» **INSTRUCTIONS FOR THE TASK**:
Using the records that follow, reproduce exactly the lines starting at the line containing "Crescent City Cabaña" and ending at the line containing "8111 Alloway Ct - Photo 4 of 43". Include both end lines and no pictures.

» **INFORMATION PROVIDED**:
····················

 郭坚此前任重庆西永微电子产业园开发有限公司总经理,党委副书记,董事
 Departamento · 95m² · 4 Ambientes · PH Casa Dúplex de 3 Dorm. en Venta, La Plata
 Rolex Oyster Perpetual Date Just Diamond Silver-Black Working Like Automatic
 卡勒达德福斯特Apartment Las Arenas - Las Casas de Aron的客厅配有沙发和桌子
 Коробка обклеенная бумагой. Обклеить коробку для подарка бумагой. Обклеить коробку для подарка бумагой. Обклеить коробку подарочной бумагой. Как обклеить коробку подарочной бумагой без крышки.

····················

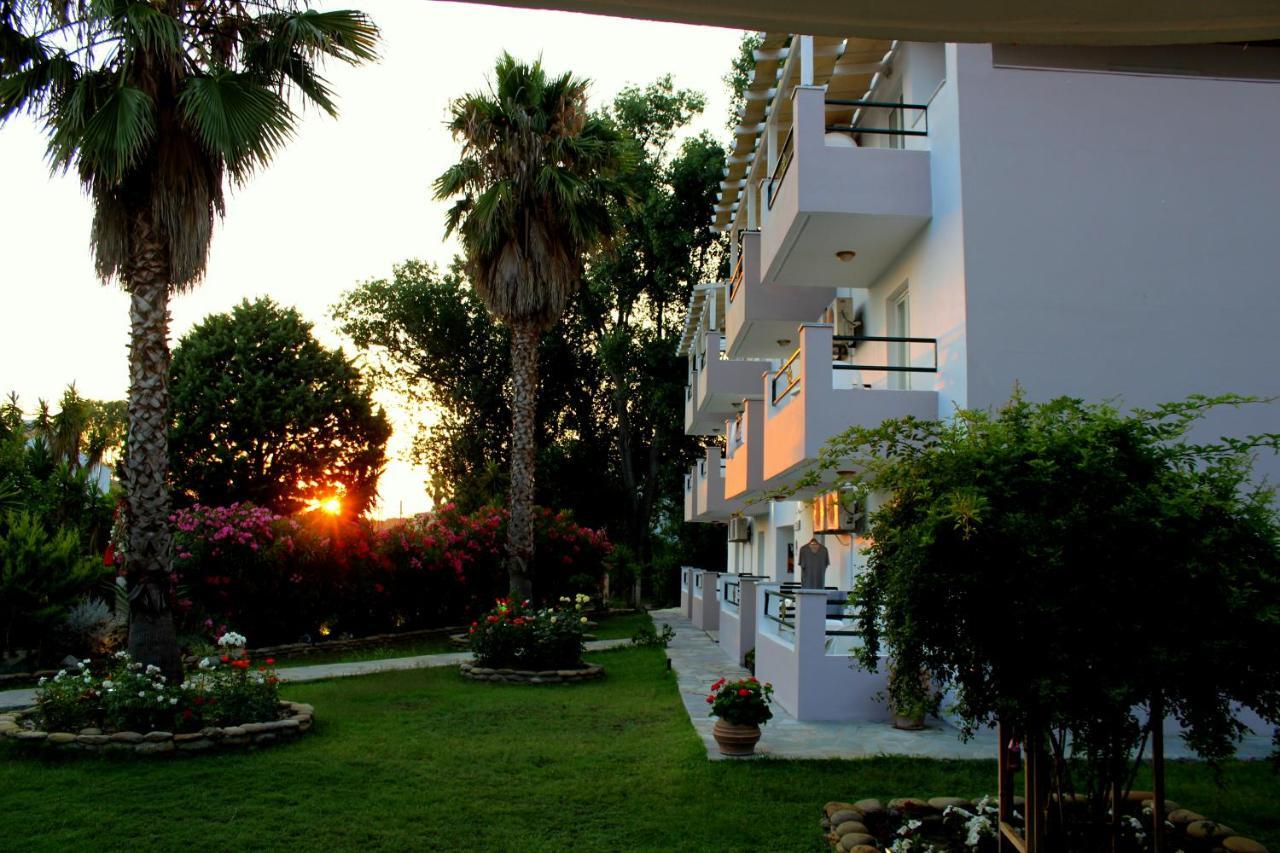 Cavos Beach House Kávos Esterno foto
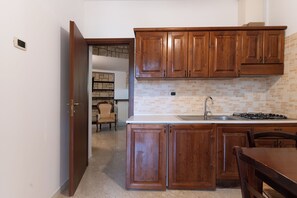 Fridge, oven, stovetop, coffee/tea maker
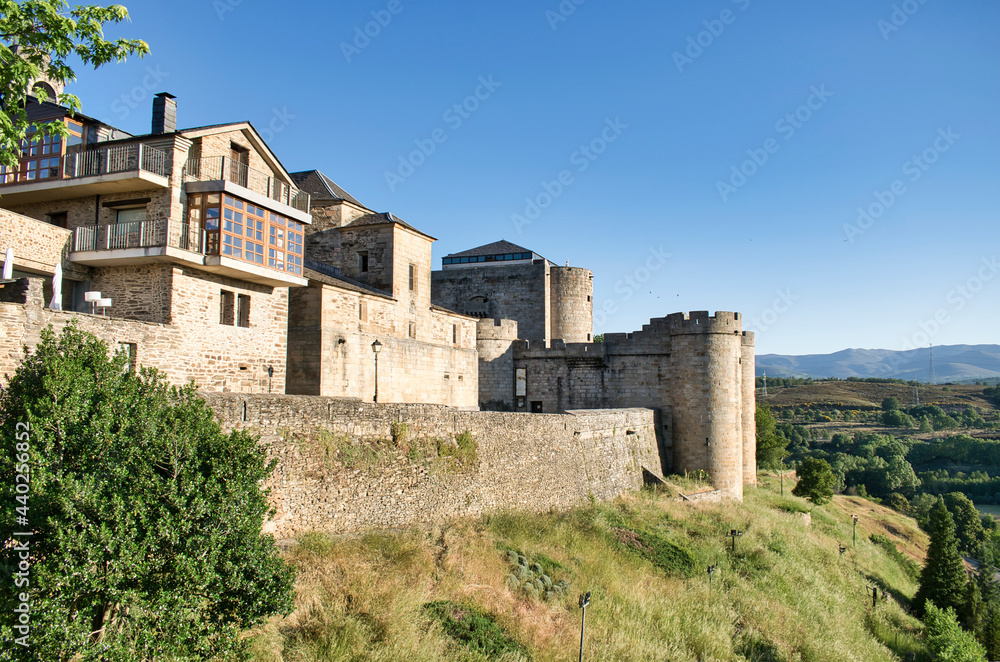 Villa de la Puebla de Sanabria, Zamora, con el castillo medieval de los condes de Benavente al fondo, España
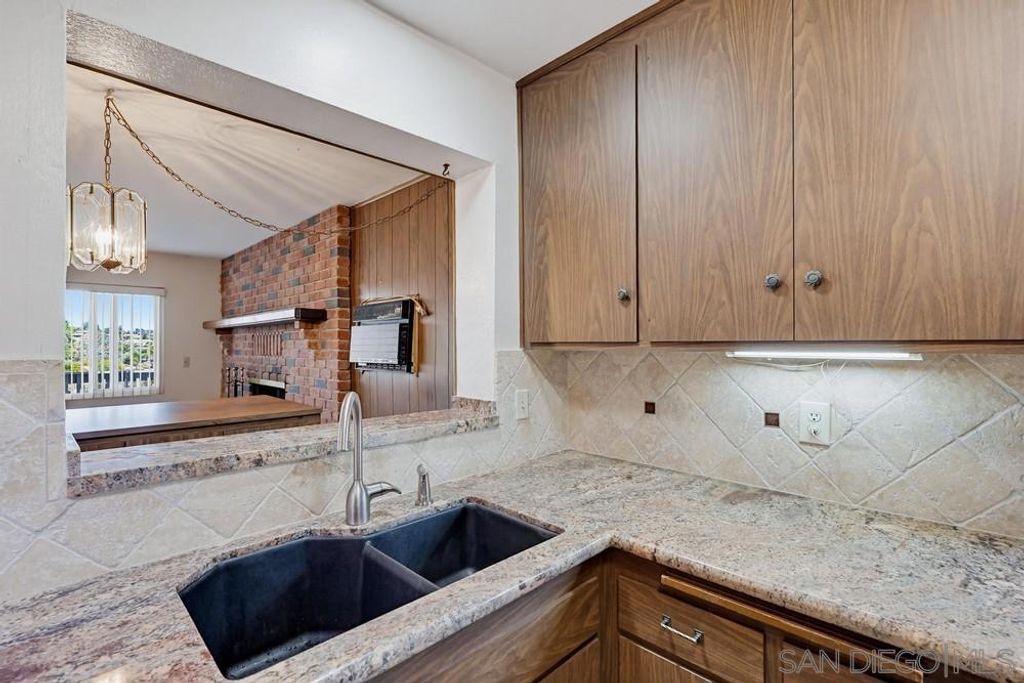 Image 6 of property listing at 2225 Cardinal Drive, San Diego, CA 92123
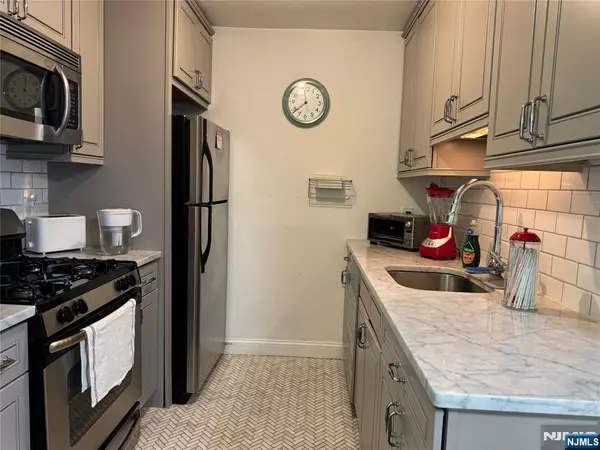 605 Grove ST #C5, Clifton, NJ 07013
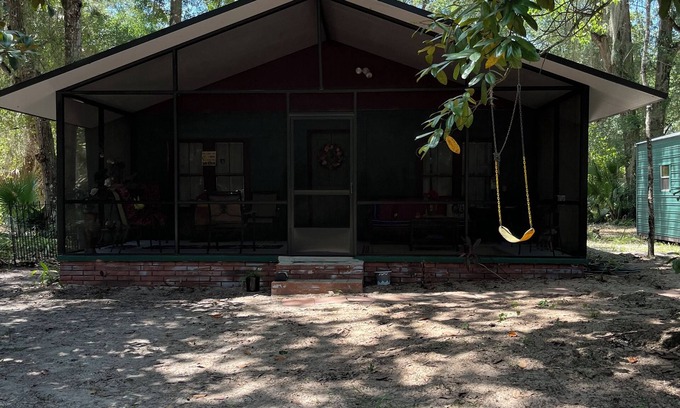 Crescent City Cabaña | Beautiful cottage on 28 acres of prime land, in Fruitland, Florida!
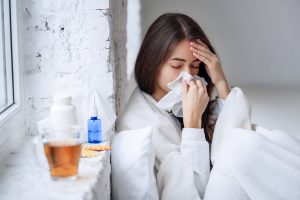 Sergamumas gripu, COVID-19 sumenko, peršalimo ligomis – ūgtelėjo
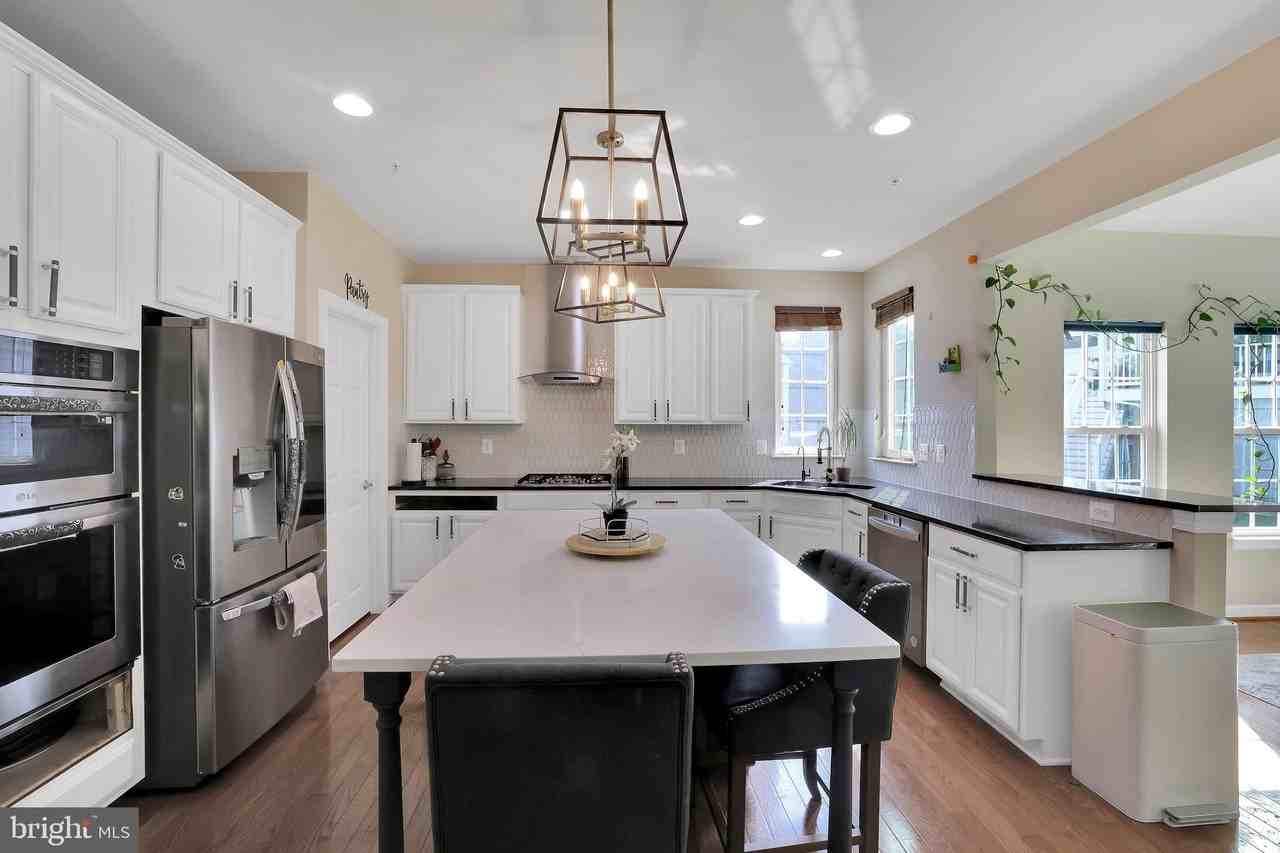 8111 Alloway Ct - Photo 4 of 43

····················

» **EXERCISE RESULT**:
 Crescent City Cabaña | Beautiful cottage on 28 acres of prime land, in Fruitland, Florida!
 Sergamumas gripu, COVID-19 sumenko, peršalimo ligomis – ūgtelėjo
 8111 Alloway Ct - Photo 4 of 43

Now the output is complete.